▸ **Information provided**
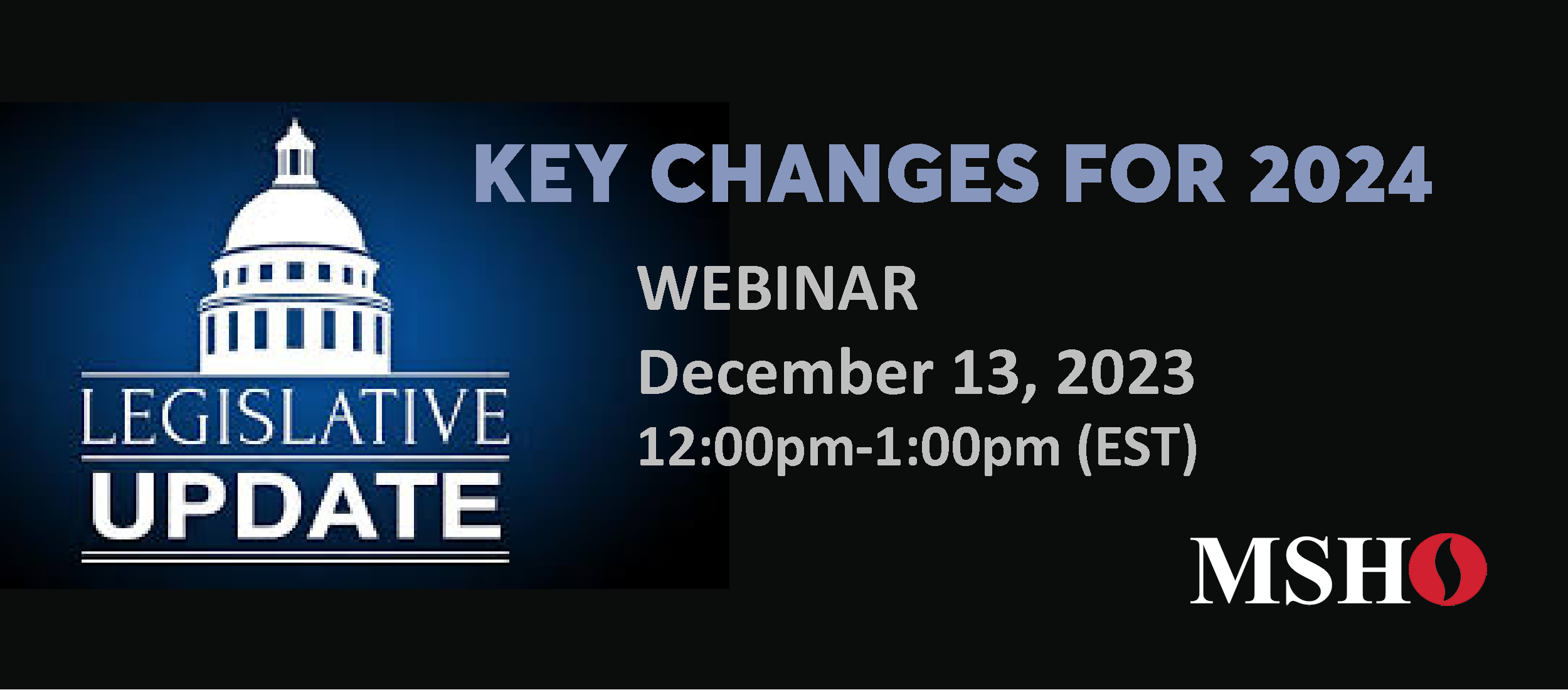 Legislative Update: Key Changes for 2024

...

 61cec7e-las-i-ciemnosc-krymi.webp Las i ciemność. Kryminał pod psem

...

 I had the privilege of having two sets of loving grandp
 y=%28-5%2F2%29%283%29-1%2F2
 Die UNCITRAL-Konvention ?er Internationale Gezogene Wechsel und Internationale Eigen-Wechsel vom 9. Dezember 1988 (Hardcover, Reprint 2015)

▸ **Assignment**
Using only the listing above, restate exactly the lines from the line containing "y=%28-5%2F2%29%283%29-1%2F2" through the line containing "Die UNCITRAL-Konvention ?er", both included.

▸ **Answer box**
 y=%28-5%2F2%29%283%29-1%2F2
 Die UNCITRAL-Konvention ?er Internationale Gezogene Wechsel und Internationale Eigen-Wechsel vom 9. Dezember 1988 (Hardcover, Reprint 2015)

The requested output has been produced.